Диалогический фон философской логики, ее неосознаваемый диалогический источник — внутриинтеллектуальная игра рассудка, разума, интуиции, продуктивного воображения — все это к концу XIX века распалось и без остатка редуцировалось до рассудка, или, в других вариантах, — до внелогических стихий.

Иногда для спасения творческого характера логического мышления приглашались “варяги”: то “воображение” с берегов искус­ства, то “интуиция” с берегов психологии. Но из самого теоретиче­ского мышления, из логики все эти “способности” (так и не понятые в своей роли разных голосов единого теоретического интеллекта) были изгнаны, казалось, навсегда. И никакие “назад” — “назад к Канту” или “назад к Гегелю” — тут не могли помочь.

Впрочем, говоря о спасении, я сознательно преувеличиваю. Спасения вовсе не требовалось. Само развитие логики структуры, логики текста было логически и исторически необходимым процес­сом. Развиваясь в формах противоположностей, и “логика структу­ры”, и “не-логика” творческого процесса подошли к той закраине, где обнаружилось их внутреннее единство, их логическая “дополнительность” (которая яснее всего выступила в парадоксах теории множеств и вообще в парадоксах обоснования математики)9.

Но сейчас речь идет о возможности логически воспроизвести предрасположенность к творчеству, пред-определение будущих теорий (логически воспроизвести “теоретика как диалог внутренних собеседников”). Мы видели, что “уравнение” — “логика творчества = логике внутреннего диалога, беседе внутренних собеседни­ков” —вполне обоснованно. Но мы видели также, что конкретно-логическое решение этого уравнения в начале XIX века, когда над ним вплотную задумались (Гегель и Фейербах), оказалось невоз­можным.

И вот в этом смысле возвращение к пониманию “теоретика как логического многообразия” было бы — до самого последнего вре­мени — анахронизмом. Тут возврата действительно не было. Но сей­час все изменилось. Выше мы вкратце сказали о тех реальных ус­ловиях, которые сложились в логике, в математике, в физике к 70-м годам XX века и которые сделали необходимым и возможным конкретное логическое решение сформулированного в первой чет­верти XIX века “уравнения”. Пришла пора к нему (забытому и осмеянному) вернуться.

Сейчас — кстати, историческое развитие логики текста (матема­тической логики) здесь крайне существенно — стало возможным “возвращение” к потенциям “философской логики” XVII — начала XIX века, стало возможным коренное преобразование этой логики.
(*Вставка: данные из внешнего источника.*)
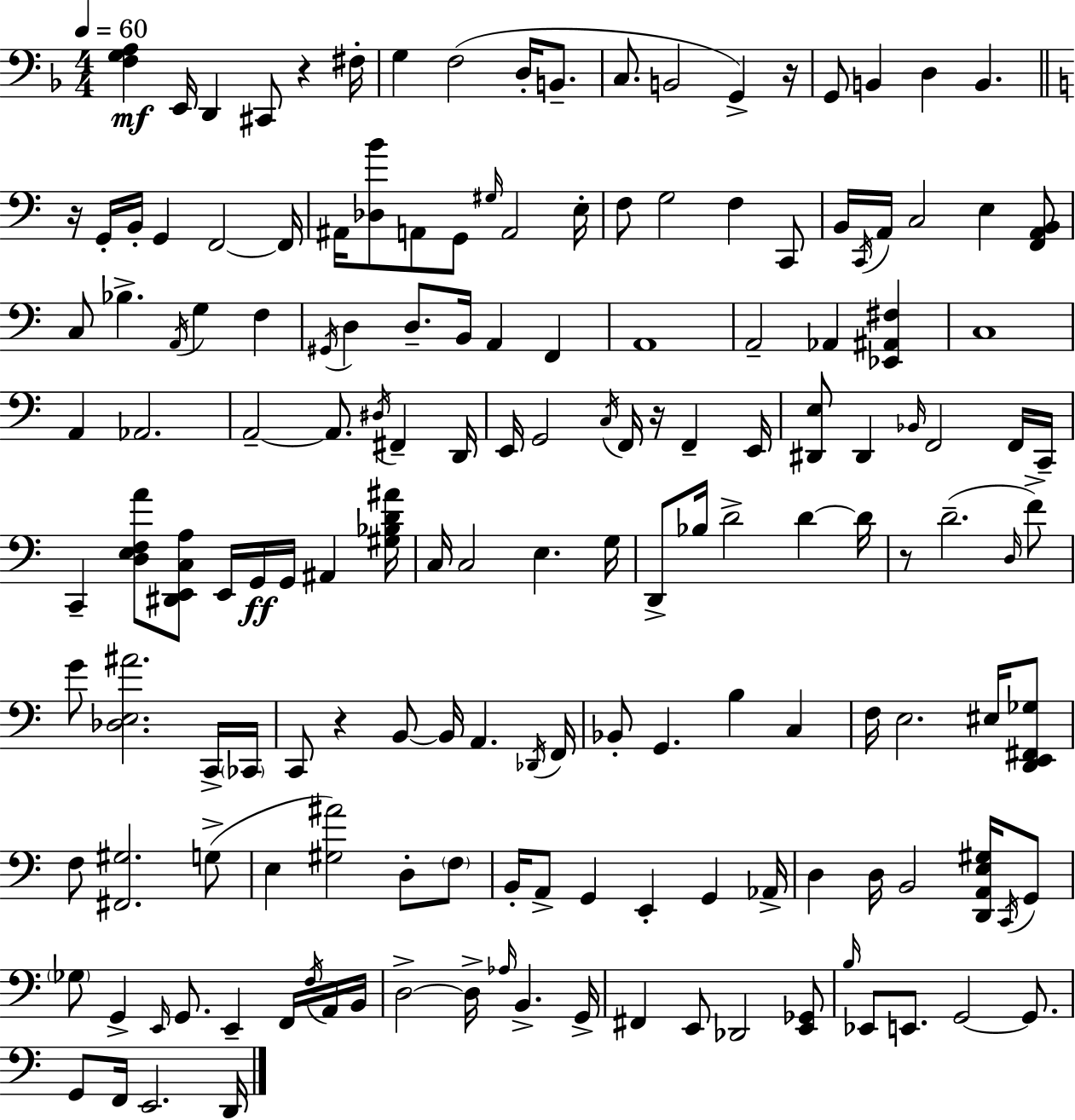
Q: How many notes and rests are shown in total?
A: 163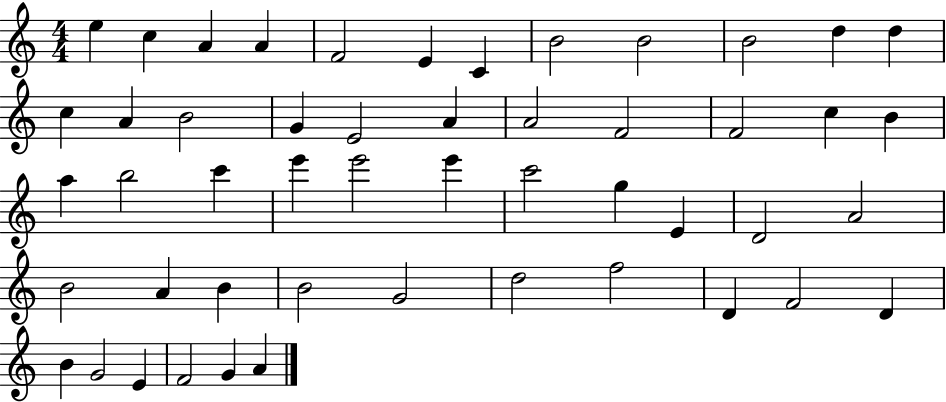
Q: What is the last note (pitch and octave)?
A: A4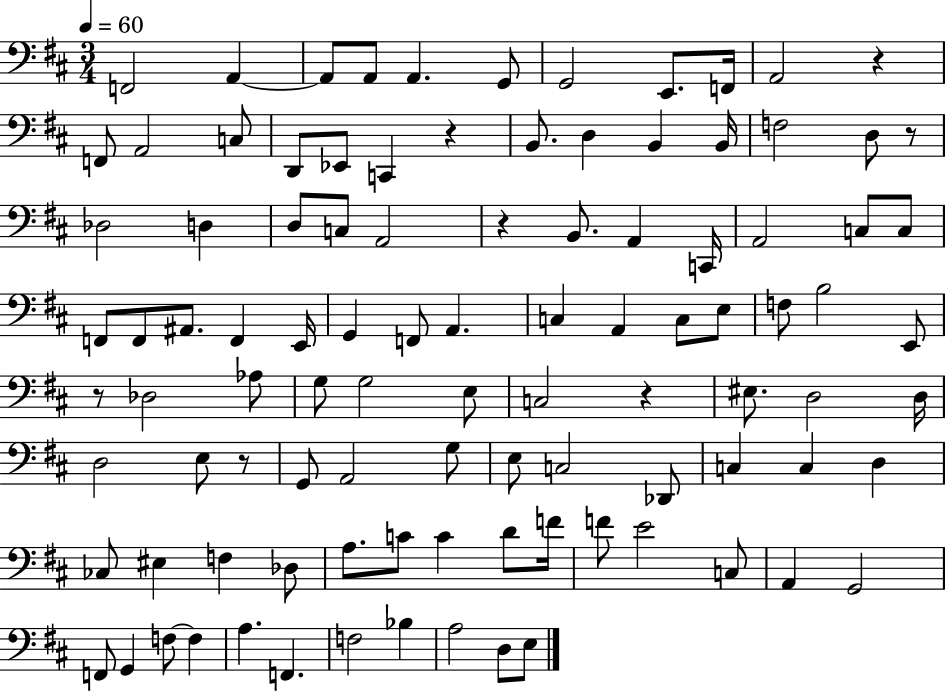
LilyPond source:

{
  \clef bass
  \numericTimeSignature
  \time 3/4
  \key d \major
  \tempo 4 = 60
  \repeat volta 2 { f,2 a,4~~ | a,8 a,8 a,4. g,8 | g,2 e,8. f,16 | a,2 r4 | \break f,8 a,2 c8 | d,8 ees,8 c,4 r4 | b,8. d4 b,4 b,16 | f2 d8 r8 | \break des2 d4 | d8 c8 a,2 | r4 b,8. a,4 c,16 | a,2 c8 c8 | \break f,8 f,8 ais,8. f,4 e,16 | g,4 f,8 a,4. | c4 a,4 c8 e8 | f8 b2 e,8 | \break r8 des2 aes8 | g8 g2 e8 | c2 r4 | eis8. d2 d16 | \break d2 e8 r8 | g,8 a,2 g8 | e8 c2 des,8 | c4 c4 d4 | \break ces8 eis4 f4 des8 | a8. c'8 c'4 d'8 f'16 | f'8 e'2 c8 | a,4 g,2 | \break f,8 g,4 f8~~ f4 | a4. f,4. | f2 bes4 | a2 d8 e8 | \break } \bar "|."
}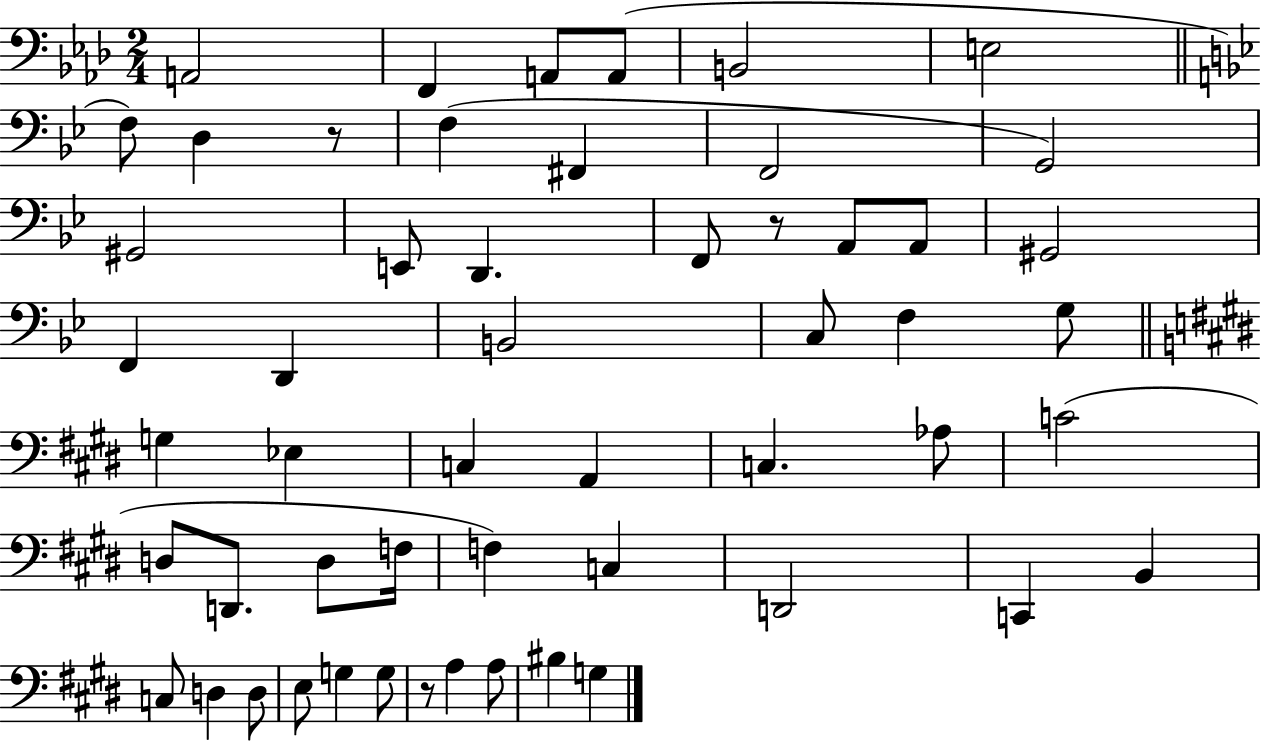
X:1
T:Untitled
M:2/4
L:1/4
K:Ab
A,,2 F,, A,,/2 A,,/2 B,,2 E,2 F,/2 D, z/2 F, ^F,, F,,2 G,,2 ^G,,2 E,,/2 D,, F,,/2 z/2 A,,/2 A,,/2 ^G,,2 F,, D,, B,,2 C,/2 F, G,/2 G, _E, C, A,, C, _A,/2 C2 D,/2 D,,/2 D,/2 F,/4 F, C, D,,2 C,, B,, C,/2 D, D,/2 E,/2 G, G,/2 z/2 A, A,/2 ^B, G,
Появляется новый логический строй мышления, и в его контексте все неразрешимые трудности оказываются разрешимыми, сдвига­ются, диалектически переформулнруются. На этой основе оказы­вается возможным понять диалогическое противоречие и самого классического текста.

Такое коренное преобразование логики, такую возможность “возвращения” к диалогике творческого субъекта (уже не на осно­ве противостояния “способностей”) наметил Маркс в “Экономическо-философских рукописях” 1844 года и в подготовительных рабо­тах к “Капиталу”. Здесь особенно значимы: во-первых, анализ оп­ределений “всеобщего труда” и, во-вторых, понимание человека как “самоустремленного” (selbstisch...) существа, в предположении, что именно возможность деятельности по отношению к собственной деятельности (самозамыкание деятельности на изменение субъек­та) определяет развитие человеческой культуры и внутренней социальности человека (социальности “наедине с собой”: “Я” и “дру­гое Я”).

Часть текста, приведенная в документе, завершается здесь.